Decía Pessoa que los genios no los genera el desorden de una época, sino su tendencia a resistir ese desorden. Eso es precisamente lo que parecía al ver esta retrospectiva de las obras de Almada Negreiros: su preocupación por dotar de sentido a una época —que algunos calificarían de convulsa— a través del lenguaje artístico, en cualquiera de sus variantes: a través de un lienzo, de un mural de grandes dimensiones, de una revista, de carteles publicitarios e incluso a través del cine.
«Mis ojos no son lo míos, son los ojos de nuestro siglo», llegó a decir Almada Negreiros, y su frase parece coronar aquel dictamen de Pessoa sobre el origen del genio artístico.Me llamó la atención especialmente que un creador como él no rechazara los encargos de entidades privadas, que le pedían murales para adornar las paredes de sus sedes, como el inmenso mapamundi que diseñó para el atrio principal del Diario de Noticias, situado en la céntrica Avenida da Liberdade, con elementos exóticos de los países representados.
Tampoco quiso desaprovechar las posibilidades que le brindaba el lenguaje publicitario, algo que ya hicieron en su momento otros creadores de la talla de Alfonse Mucha o Toulouse-Lautrec, para trabajar en proyectos que con el tiempo han devenido en grandes obras de arte. Cualquier oportunidad es buena si se sabe convertir en arte, debía de pensar Almada Negreiros.
Así, en la exposición se podía contemplar un cartel publicitario de los ferrocarriles portugueses que conectaban Lisboa con Sevilla; o los bocetos para una película de la época —lo que hoy se denomina un «storyboard» — ; o las ilustraciones para una conocida revista española de moda un tanto frívola, una publicación que difícilmente tendría cabida en un museo, si no fuese por la irremplazable originalidad que contenían las creaciones de Almada Negreiros.

Autorretrato — José de Almada Negreiros.
Una manera de ser moderno
Contemplado desde la distancia que ofrece el paso del tiempo, podría decirse que el talento de Almada Negreiros refleja ese pulso ante los desafíos de su tiempo, a través de una obra miscelánea y omniabarcante.
Un artista no solo familiarizado con los lenguajes artísticos de las vanguardias, sino también, y sobre todo, un pionero preocupado por incluir a la naturaleza y a los pueblos exóticos dentro de ese progreso tecnológico que él juzgaba imparable. Un creador global que trató de mezclar el arte con el lenguaje publicitario y el cinematográfico.
¿Merece la pena pagar una entrada solo para ver un cuadro? En ocasiones, sí. Sin duda, el Retrato de Fernando Pessoa lo merecía. Pero al regocijo de haberlo contemplado con deleite, mientras avanzaba por la exposición, se sumó el descubrimiento, aún más valioso, de la creatividad desbordante de Almada Negreiros.

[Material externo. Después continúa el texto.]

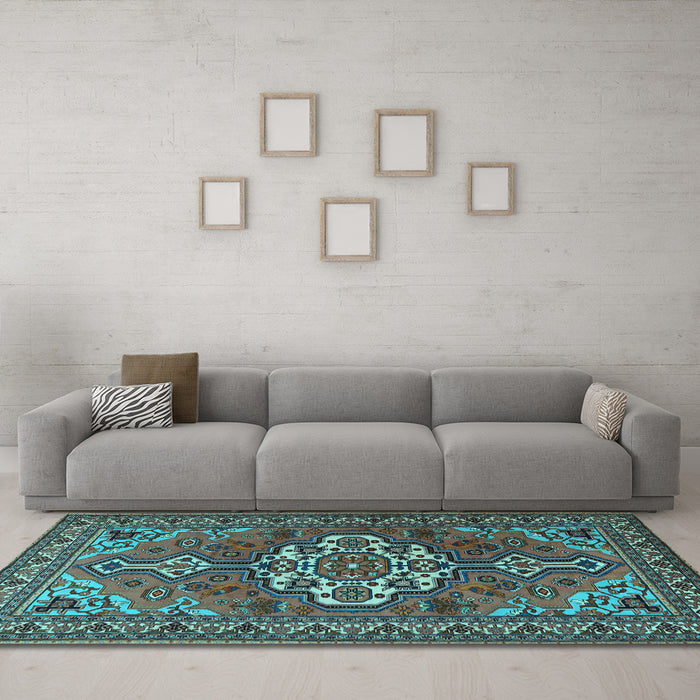 Machine Washable Persian Light Blue Traditional Rug in a Living Room, wshtr2207lblu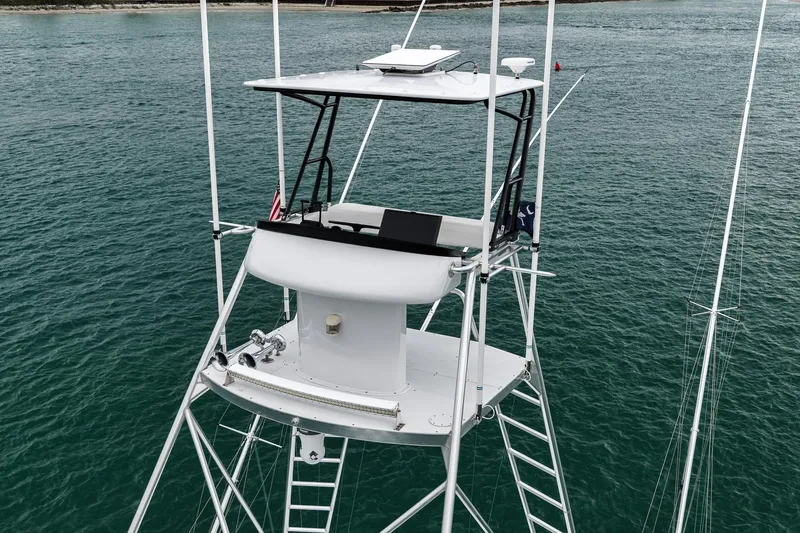 Slide: The Image of High-angle view of 1997 Merritt 58 boat's tower over calm ocean waters. - 45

riesgo de simplificar en exceso, podría afirmar que fui en busca de un cuadro, y lo que encontré fue un artista con un estilo impactante, acreedor de una obra original y poliédrica, siempre fiel a sí misma y al mismo tiempo diferente, con múltiples ramificaciones que se extienden a partir de un mismo tronco. Y eso sí que compensa con creces el precio de cualquier entrada.